Pendant plus de dix ans, j’ai vécu en plein centre-ville. J’ai donc pour ce quartier une tendresse toute particulière.
Quel ne fut pas mon bonheur d’y découvrir, le long de l’emblématique bâtiment « 58 », une fresque de l’artiste liégeois Pso Man.
Une œuvre qui s’inscrit dans un projet plus large initié en juillet dernier par l’asbl Costik, en collaboration avec la ville de Bruxelles : le M.U.R. Brussels.
Le concept ? Remplacer les affiches publicitaires par… des œuvres d’art ! Et créer ainsi un espace d’exposition non marchand, à ciel ouvert.
Né à Paris en 2003 à l’initiative de l’association française du même nom, le M.U.R. (Modulable Urbain Réactif) est aujourd’hui présent dans 14 villes de France et remporte un franc succès. Chacun des 14 M.U.R remplit son rôle à la perfection, à savoir faire voler en éclats les barrières symboliques de l’art et sensibiliser un large public aux arts contemporains.
Ce mercredi 29 septembre, c’est une troisième œuvre éphémère qui a été inaugurée à Bruxelles : une fresque signée Aien7 et Ebo, membres du collectif belge Délit2fuite.
Dans le cadre de cette inauguration, j’ai eu la chance d’échanger avec Noemie Tant, Coordinatrice du projet.
Découvrez son interview et filez ensuite au centre-ville, rue du Marché Aux Poulets, à deux pas de la Bourse.
Sur place, photographiez, postez, taguez, partagez ! Bref, soutenez l’art urbain et cette belle initiative qu’est le M.U.R. Brussels.
Y a-t-il un lien entre le M.U.R. Brussels et les initiatives françaises ?
Tout à fait. Avant de lancer le projet à Bruxelles, nous avons contacté l’association française qui est à l’origine du concept. Ils ont tout de suite accepté que l’on reprenne le projet ici et étaient d’ailleurs très content que le projet s’exporte à l’étranger. Rappelons d’ailleurs qu’il s’agit d’un projet engagé car le principe est de transformer un panneau publicitaire en un espace d’exposition artistique non marchand là où les murs sont sans cesse récupérés à des fins commerciales.
Le M.U.R. Brussels est le premier en dehors de la France. J’espère que d’autres pays, d’autres structures lanceront à leur tour ce beau projet… D’ailleurs, nous sommes tout à fait disposés à les aider si l’occasion se présente.

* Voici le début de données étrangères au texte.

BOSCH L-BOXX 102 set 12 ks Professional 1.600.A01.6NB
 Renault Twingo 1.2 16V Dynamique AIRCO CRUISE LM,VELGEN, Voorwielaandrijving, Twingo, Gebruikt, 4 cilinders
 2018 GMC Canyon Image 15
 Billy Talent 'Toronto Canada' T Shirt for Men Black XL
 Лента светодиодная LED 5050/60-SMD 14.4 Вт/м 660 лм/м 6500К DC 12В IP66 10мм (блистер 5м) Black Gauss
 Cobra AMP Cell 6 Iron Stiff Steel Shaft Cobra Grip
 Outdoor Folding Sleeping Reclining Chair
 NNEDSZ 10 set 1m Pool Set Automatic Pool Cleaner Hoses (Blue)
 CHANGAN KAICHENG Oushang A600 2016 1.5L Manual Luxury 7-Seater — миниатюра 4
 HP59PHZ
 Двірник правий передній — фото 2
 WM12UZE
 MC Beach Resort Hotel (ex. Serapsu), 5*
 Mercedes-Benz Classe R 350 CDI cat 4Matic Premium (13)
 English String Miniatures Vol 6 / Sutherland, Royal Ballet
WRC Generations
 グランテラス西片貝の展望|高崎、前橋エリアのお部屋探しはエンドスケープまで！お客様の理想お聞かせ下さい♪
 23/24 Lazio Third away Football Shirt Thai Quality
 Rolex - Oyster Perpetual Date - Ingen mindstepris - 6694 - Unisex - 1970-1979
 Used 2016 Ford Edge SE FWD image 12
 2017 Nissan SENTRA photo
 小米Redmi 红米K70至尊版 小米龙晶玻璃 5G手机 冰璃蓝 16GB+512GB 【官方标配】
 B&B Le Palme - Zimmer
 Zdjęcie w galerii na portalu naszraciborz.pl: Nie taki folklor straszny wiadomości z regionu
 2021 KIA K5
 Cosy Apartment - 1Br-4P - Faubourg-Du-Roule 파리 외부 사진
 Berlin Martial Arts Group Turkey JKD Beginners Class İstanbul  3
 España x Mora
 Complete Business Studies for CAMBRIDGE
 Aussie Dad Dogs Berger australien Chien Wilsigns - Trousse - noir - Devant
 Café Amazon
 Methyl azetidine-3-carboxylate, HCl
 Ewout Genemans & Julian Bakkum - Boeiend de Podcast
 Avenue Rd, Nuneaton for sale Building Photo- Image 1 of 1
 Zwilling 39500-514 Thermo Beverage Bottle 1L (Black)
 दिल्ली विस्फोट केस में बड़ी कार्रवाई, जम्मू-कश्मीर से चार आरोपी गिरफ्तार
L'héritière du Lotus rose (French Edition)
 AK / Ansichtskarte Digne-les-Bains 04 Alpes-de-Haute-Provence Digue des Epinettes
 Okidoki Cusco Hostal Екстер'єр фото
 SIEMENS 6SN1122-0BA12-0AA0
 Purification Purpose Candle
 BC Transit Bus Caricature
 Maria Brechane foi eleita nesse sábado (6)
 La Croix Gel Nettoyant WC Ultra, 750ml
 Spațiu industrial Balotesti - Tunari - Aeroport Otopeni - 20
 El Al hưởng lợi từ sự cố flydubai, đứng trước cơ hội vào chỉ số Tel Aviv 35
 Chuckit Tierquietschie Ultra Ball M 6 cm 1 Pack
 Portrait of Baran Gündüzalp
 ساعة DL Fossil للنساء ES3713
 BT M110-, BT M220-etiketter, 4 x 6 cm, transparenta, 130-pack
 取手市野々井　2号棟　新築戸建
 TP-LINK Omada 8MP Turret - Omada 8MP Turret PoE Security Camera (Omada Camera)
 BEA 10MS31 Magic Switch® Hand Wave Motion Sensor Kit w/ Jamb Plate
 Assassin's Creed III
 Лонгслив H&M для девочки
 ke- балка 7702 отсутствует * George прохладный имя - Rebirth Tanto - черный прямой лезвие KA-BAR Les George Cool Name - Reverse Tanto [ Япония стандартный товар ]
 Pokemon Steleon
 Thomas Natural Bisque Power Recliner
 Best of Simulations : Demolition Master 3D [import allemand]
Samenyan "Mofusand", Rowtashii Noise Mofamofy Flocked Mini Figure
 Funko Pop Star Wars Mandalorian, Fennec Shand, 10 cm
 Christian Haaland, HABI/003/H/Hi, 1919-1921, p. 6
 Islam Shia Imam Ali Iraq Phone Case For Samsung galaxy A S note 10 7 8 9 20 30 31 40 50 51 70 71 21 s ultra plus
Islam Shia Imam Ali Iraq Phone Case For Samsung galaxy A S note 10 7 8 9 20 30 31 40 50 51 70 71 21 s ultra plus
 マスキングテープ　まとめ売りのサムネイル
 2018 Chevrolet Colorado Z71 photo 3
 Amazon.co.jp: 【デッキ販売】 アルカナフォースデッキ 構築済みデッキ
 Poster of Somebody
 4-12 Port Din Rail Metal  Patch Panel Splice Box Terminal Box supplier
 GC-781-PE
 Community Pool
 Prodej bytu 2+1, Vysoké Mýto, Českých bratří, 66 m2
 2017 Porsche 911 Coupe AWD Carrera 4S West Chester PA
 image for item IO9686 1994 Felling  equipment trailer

Quel est le rôle de l’asbl Costik ?
Costik est la structure qui coordonne le projet dans sa globalité. Nous nous efforçons de donner les moyens nécessaires aux artistes pour qu’ils puissent travailler dans un contexte aussi bien humain et légal que professionnel.
Par ailleurs, en plus de la visibilité qu’offre l’emplacement du panneau situé en plein cœur du centre-ville, nous avons mis en place une communication pour chaque artiste exposant grâce au soutien du service presse de la Ville de Bruxelles et d’une attachée de presse que l’on a engagé en interne qui relaye l’info sur les réseaux sociaux et à d’autres instances culturelles, touristiques, etc.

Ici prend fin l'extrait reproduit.